The Santa Clara Police Department (California) created an international data warehouse and reporting analysis system (publically accessible at CrimeReports.com) to accumulate data from all crime records from world-wide enforcement agencies. Then analyzes the data using predictive algorithms to generate daily crime potential maps, and high-risk time window alerts resulting in a 27 percent reduction in overall crime incidents since 2010.

Netflix leveraged the Kaggle network by using its collection over 100 million customer media ratings and awarded a prize of $1 million to the team who could improve its prediction of user ratings for its film selections by at least 10 percent. Algorithms like this result in those amazing “We thought you might also like…” side-title suggestions now commonly found on every e-commerce site in the world.

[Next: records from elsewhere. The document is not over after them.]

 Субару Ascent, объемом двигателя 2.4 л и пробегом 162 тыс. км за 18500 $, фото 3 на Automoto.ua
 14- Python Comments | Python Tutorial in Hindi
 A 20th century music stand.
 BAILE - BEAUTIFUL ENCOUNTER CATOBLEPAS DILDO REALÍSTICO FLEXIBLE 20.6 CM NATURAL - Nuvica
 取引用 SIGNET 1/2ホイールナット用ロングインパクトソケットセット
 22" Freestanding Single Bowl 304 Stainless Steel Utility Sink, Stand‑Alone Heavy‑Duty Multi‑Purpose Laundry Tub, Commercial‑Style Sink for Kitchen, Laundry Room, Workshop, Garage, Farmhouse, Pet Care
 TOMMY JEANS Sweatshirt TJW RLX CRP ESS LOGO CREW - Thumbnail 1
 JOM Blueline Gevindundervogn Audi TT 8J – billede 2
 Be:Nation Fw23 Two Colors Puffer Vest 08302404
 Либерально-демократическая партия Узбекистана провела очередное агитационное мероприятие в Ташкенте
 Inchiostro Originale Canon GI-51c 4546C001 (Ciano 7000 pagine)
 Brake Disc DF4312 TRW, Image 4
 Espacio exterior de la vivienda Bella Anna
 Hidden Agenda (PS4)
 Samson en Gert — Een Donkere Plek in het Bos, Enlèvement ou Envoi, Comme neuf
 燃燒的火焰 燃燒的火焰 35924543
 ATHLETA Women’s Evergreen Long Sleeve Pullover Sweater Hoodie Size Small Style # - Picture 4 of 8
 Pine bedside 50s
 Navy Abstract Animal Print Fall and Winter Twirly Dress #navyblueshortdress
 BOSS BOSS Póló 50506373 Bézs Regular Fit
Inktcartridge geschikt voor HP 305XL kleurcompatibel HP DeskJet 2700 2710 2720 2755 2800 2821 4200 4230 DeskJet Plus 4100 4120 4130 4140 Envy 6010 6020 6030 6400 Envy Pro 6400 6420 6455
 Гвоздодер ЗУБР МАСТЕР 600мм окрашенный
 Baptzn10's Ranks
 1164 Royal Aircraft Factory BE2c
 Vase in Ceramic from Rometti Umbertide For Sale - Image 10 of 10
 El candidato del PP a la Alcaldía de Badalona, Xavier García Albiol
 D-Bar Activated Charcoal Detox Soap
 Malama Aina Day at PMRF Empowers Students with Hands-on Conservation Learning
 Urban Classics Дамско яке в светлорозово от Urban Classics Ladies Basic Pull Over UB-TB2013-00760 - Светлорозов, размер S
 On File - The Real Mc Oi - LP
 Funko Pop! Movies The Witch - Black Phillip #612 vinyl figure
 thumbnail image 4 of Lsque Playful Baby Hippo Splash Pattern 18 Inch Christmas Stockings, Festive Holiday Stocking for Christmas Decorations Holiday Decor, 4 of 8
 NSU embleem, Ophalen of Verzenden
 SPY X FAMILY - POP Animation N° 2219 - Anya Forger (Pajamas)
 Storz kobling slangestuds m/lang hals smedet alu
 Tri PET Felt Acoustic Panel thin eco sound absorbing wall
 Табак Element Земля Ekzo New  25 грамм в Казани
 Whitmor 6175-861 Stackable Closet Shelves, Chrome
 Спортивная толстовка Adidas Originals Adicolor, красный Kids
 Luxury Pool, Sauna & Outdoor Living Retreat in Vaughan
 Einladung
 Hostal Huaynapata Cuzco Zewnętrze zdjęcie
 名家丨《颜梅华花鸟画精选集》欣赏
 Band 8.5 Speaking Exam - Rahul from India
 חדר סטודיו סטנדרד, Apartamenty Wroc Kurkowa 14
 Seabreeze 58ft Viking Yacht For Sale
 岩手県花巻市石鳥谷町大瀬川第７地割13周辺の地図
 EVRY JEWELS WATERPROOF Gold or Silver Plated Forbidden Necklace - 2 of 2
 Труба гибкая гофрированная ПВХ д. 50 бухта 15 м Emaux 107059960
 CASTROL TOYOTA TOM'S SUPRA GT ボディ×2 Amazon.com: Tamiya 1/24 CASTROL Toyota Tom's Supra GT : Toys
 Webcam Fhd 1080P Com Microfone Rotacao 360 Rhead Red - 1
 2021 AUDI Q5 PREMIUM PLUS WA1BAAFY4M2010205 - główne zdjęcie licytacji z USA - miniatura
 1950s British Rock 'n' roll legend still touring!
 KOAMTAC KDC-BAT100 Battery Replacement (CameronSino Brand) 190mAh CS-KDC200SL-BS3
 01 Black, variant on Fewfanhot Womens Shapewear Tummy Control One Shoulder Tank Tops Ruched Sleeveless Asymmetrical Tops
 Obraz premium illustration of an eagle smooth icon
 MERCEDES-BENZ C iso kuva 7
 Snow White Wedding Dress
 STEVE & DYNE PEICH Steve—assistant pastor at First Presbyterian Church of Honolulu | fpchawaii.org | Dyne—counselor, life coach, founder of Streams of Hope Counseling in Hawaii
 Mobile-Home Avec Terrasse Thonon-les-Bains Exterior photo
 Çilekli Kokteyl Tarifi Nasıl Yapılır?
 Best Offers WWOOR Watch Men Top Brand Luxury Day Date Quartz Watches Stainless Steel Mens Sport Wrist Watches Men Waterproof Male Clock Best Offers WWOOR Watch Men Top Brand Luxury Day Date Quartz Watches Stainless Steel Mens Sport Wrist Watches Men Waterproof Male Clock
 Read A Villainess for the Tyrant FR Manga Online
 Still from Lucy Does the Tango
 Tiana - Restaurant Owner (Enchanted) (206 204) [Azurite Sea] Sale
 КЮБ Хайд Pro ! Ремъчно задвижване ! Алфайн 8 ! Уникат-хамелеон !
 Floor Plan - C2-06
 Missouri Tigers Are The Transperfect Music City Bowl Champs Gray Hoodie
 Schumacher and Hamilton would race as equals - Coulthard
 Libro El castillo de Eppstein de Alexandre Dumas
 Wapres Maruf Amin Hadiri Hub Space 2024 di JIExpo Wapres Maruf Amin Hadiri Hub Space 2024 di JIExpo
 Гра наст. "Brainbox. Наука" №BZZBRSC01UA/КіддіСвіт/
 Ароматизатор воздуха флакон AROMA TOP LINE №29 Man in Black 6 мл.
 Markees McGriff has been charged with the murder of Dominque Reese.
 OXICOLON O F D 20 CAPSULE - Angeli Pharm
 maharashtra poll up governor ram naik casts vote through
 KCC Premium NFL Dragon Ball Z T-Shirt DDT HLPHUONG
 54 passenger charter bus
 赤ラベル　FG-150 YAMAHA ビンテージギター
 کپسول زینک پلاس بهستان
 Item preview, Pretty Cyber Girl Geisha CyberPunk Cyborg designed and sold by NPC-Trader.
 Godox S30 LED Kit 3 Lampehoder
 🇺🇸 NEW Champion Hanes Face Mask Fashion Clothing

Google Books, the massive online electronic library initiative, now spanning over 5.2 million books, created the Ngram Viewer (books.google.com/ngrams) which can analyze the usage of words and phrases from the past 6 centuries and show relationships in lexicographical evolution from every published work. This engine allows users to understand when words first emerged and when they became obsolete – and more interestingly, what new words were derived from those in the past and what significant events accompanied the transition.

Wal-Mart created an intelligent inventory and supply-chain management system that analyzes demand patterns and sales trends by geographic region and other demographic slices, allowing more efficient distribution and unit spread of its available stock, reducing the frequency of out-of-stock and over-stock conditions throughout its network of retail stores and websites.

The DBA Evolution

Database Administrators (DBAs) have often been the solution stopping-point for most functional new demands within enterprises because they, by responsibility of their own job function, end up understanding where data resides and who are the producers and consumers of that data.  When storage administrators want to know why disk space is being rapidly consumed, the DBAs track down which process is creating it and determine whether the volume is within normal ranges or deviant. When architects are designing data flows and infrastructure requirements, the DBAs are at the front-line of figuring out what instances are connected, and what their future growth projections might be. Taking that knowledge and understanding one step further and leveraging experience in data structure design, keeping up with the latest database technologies, and understanding holistic tuning practices becomes the natural progression into the Data Scientist role. After all, as often as data scientists have often been labeled with possessing “magical powers” by divining solutions from massive data sets, so too, have DBAs been dubbed as having a “magic” touch when it comes to recovering dead databases, tuning the impossible, and increasing throughput by tweaking mystical parameter changes and often using upside-down logic. The DBAs design, build and manage the buildings that our data lives in and it makes sense they might have a good idea of how a million of those buildings have transformed into a city or two.